- **Records shown**:

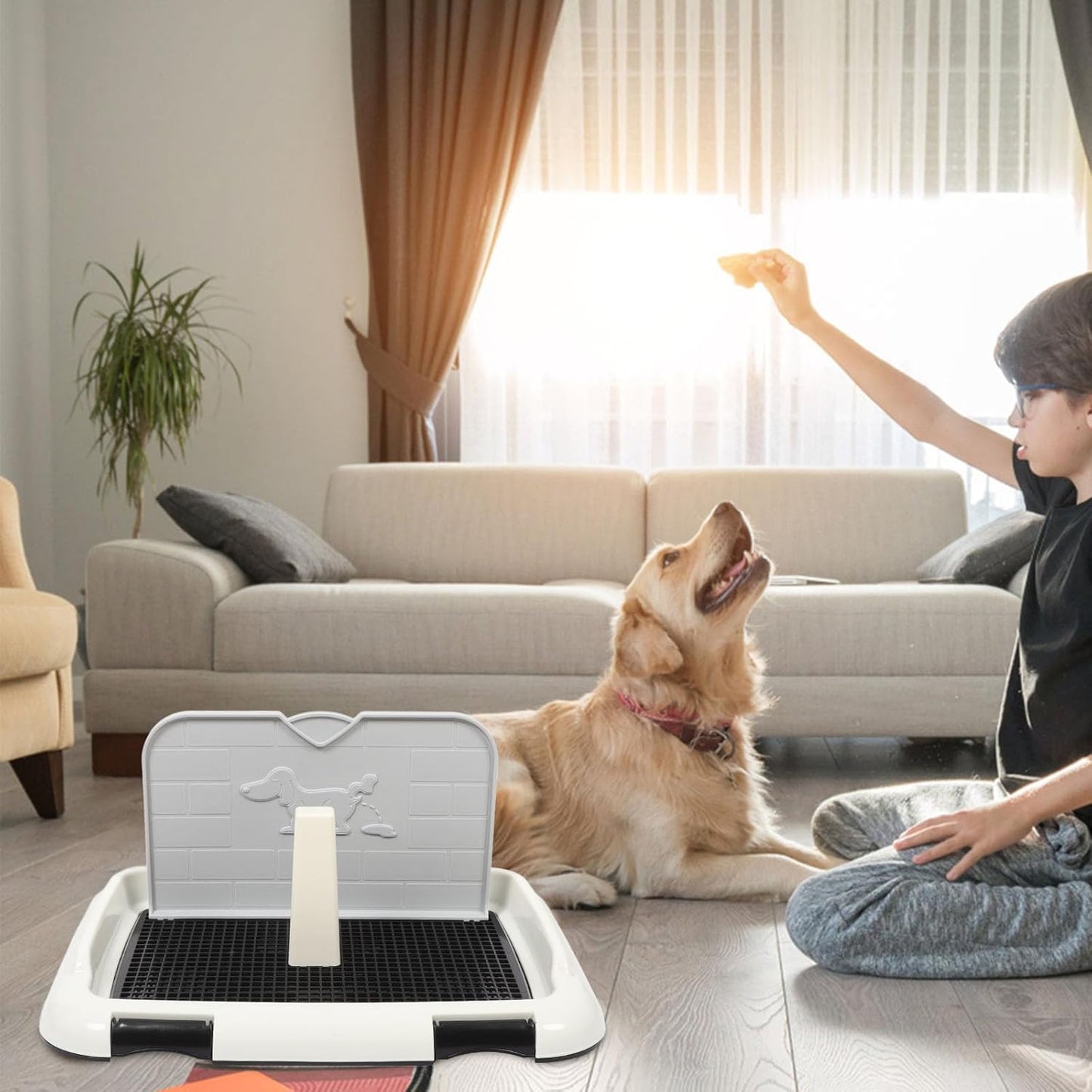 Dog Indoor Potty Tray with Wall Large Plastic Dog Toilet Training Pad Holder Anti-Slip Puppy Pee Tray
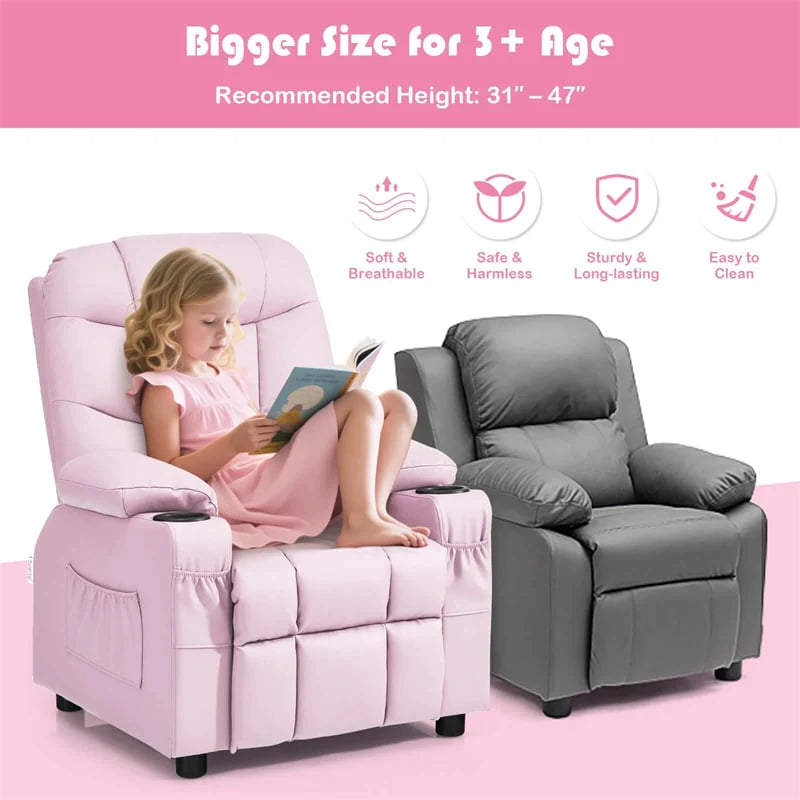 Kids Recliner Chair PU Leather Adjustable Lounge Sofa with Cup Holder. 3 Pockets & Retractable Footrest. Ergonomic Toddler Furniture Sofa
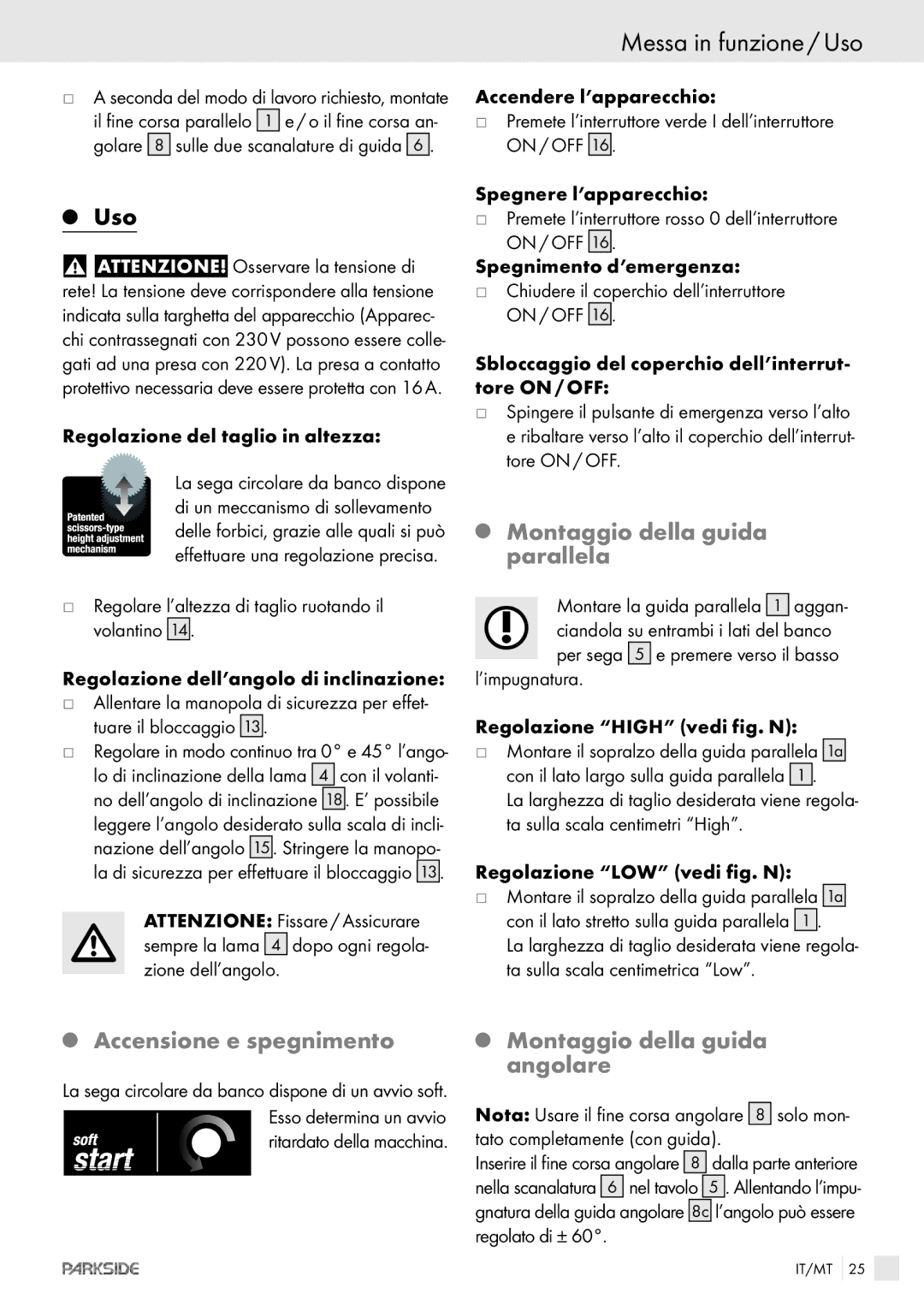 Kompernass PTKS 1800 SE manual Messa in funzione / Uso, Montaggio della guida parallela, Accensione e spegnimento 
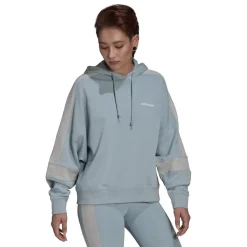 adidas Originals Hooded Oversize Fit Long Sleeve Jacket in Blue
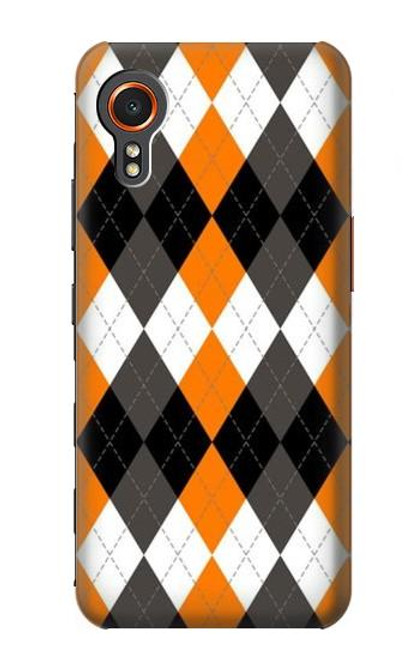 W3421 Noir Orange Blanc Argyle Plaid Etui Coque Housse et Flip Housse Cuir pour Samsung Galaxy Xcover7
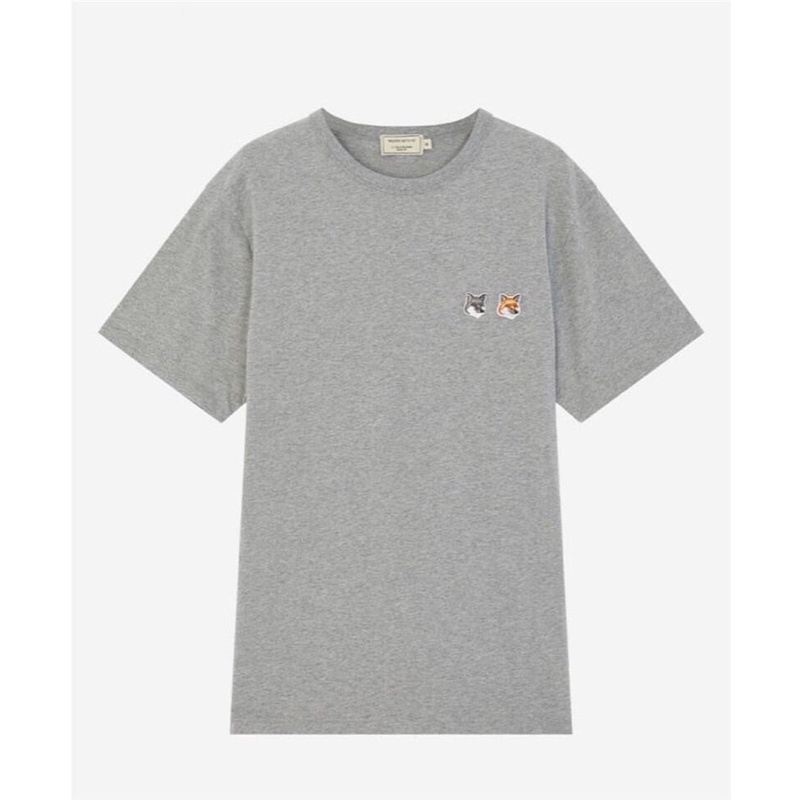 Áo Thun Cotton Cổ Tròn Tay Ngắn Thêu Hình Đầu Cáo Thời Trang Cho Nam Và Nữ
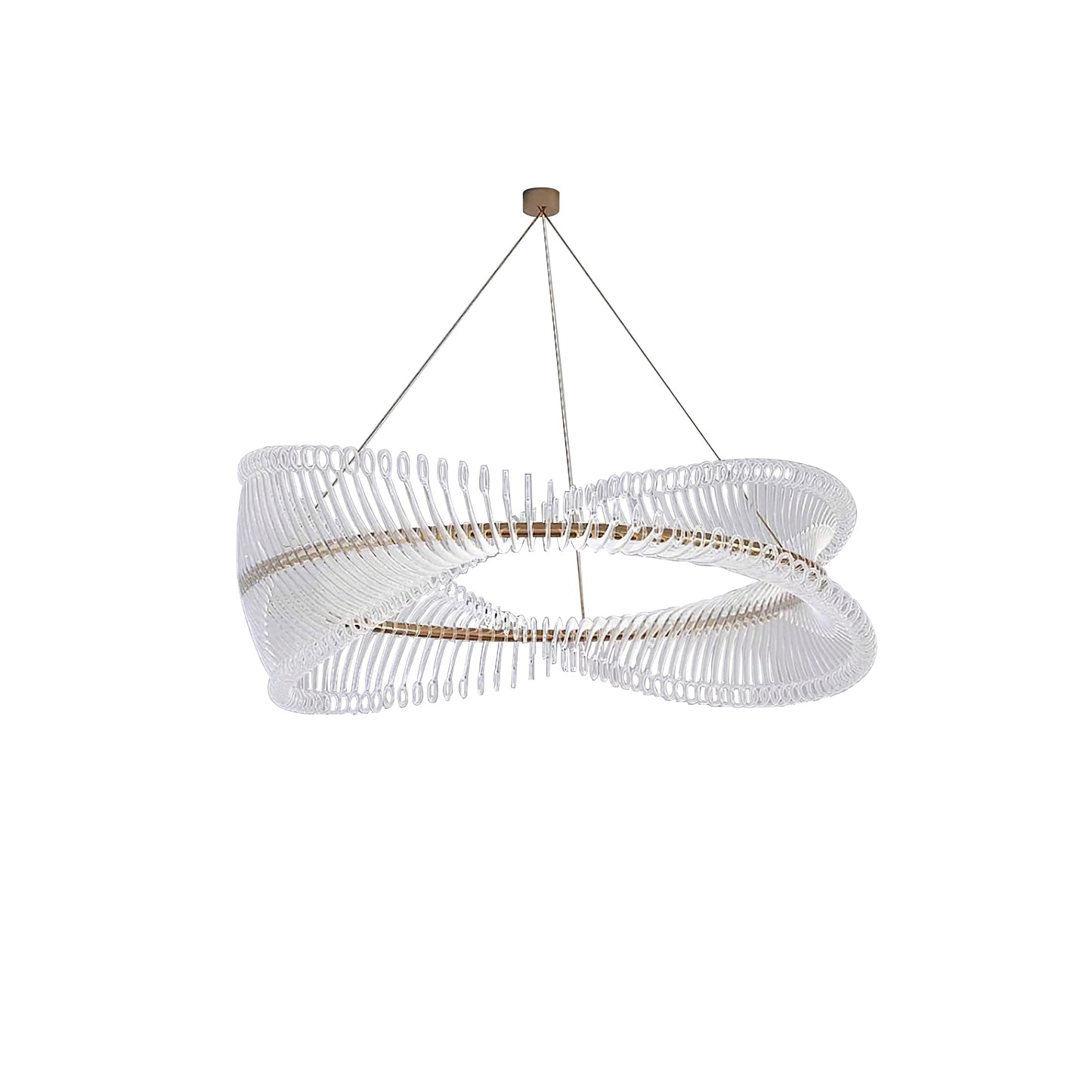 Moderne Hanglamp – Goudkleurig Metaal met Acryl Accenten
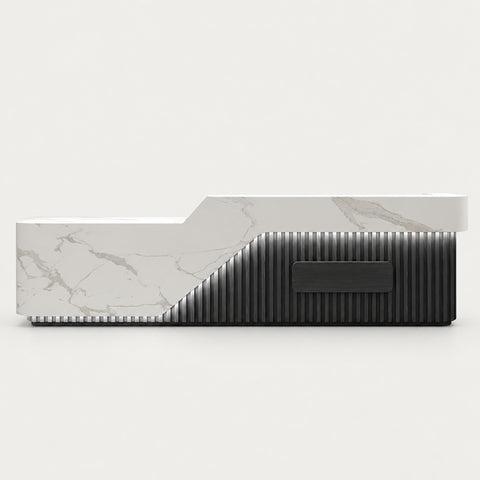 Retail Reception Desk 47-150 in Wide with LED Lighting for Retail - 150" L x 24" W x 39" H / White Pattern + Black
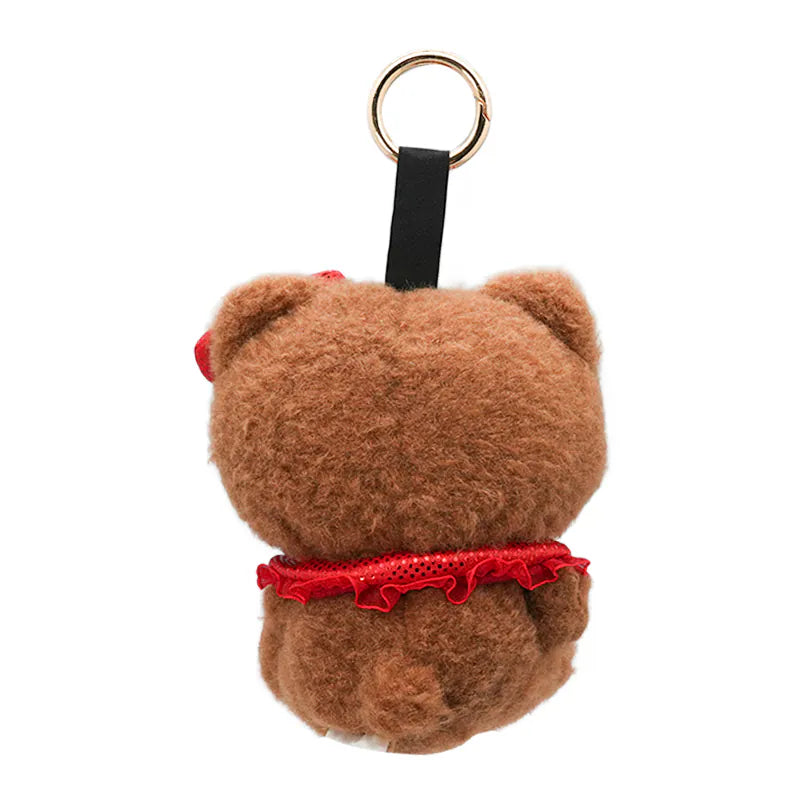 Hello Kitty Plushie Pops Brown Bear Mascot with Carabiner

- **What this task involves**:
Please transcribe exactly the line containing "W3421 Noir Orange" and every later line through the end of the records above, omitting pictures.

- **Answer box**:
 W3421 Noir Orange Blanc Argyle Plaid Etui Coque Housse et Flip Housse Cuir pour Samsung Galaxy Xcover7
 Áo Thun Cotton Cổ Tròn Tay Ngắn Thêu Hình Đầu Cáo Thời Trang Cho Nam Và Nữ
 Moderne Hanglamp – Goudkleurig Metaal met Acryl Accenten
 Retail Reception Desk 47-150 in Wide with LED Lighting for Retail - 150" L x 24" W x 39" H / White Pattern + Black
 Hello Kitty Plushie Pops Brown Bear Mascot with Carabiner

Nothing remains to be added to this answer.